# Turbo trainer set ups without front wheel, any pics ?



## Ridgeway (30 Jan 2020)

Thinking about squeezing my turbo trainer set up into my tiny office (steady now, i know what you're thinking).

If i go down this route i'll likely buy a dedicated 2nd bike that i can leave set up permanently like this. But in order for it to fit in the place i have in mind i would need to remove the front wheel and some how mount the forks onto something, any ideas, anyone done this ?

Wondered about a car roof fork bracket mounted onto some kind of support ? perhaps something already exists for this application ?

Many Thanks


----------



## Milkfloat (30 Jan 2020)

Tacx sell these for their Rollers.
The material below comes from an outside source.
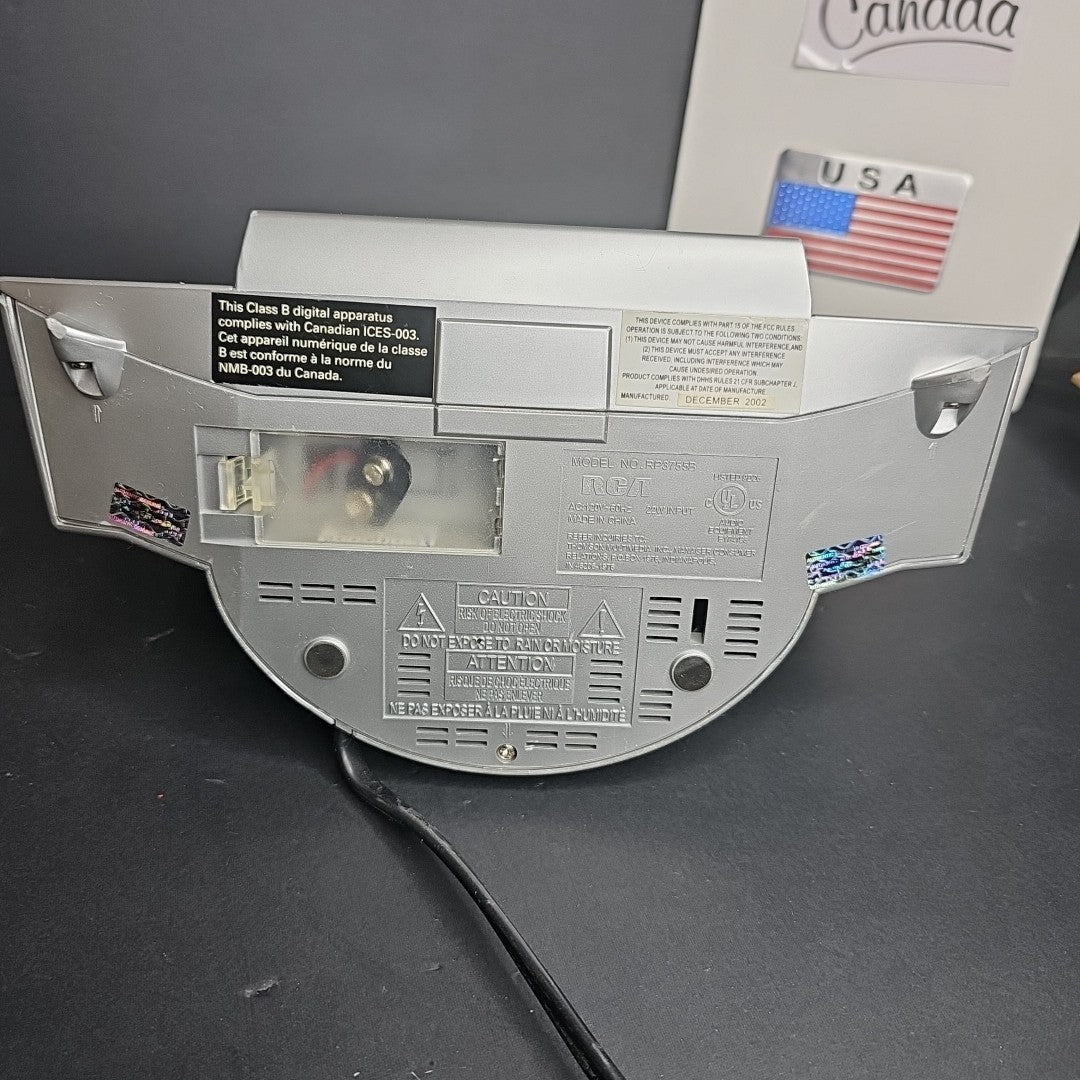RCA Stereo CD Player Digital AM/FM Tuning Clock Radio RP3755 VTG CD Doesn't Spin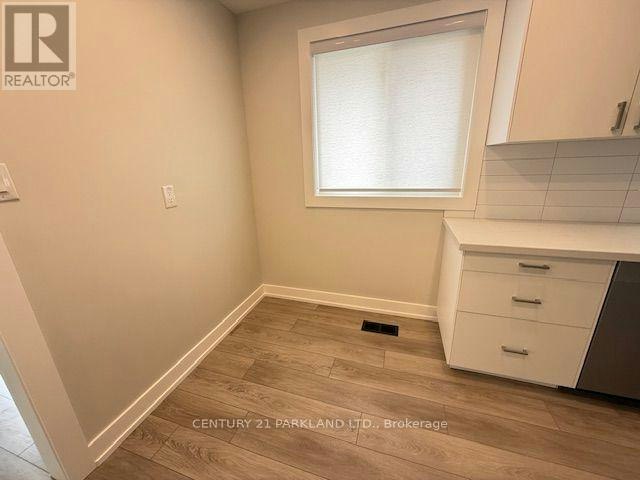 MAIN LEVEL-82 Verobeach Boulevard, Toronto, ON, M9M 1P9 - 12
I got one with my rollers but have never used it.
https://www.chainreactioncycles.com/tacx-antares-support-stand/rp-prod43189







If you have not got room for a wheel, how will you have room for a TV/monitor?


----------



## Ridgeway (30 Jan 2020)

That looks great, thanks.

I can mounted the screen on the wall straight in front.


----------



## wonderloaf (31 Jan 2020)

Buy a cheap new / used / broken turbo trainer, remove the drive unit and use whats left to support the front fork?


----------



## Richard A Thackeray (16 Feb 2020)

My old Dyna-Tech 755Ti, on a turbo
2005









Turbo donated to Gail, from my running club, when she started dabbling in triathlons


----------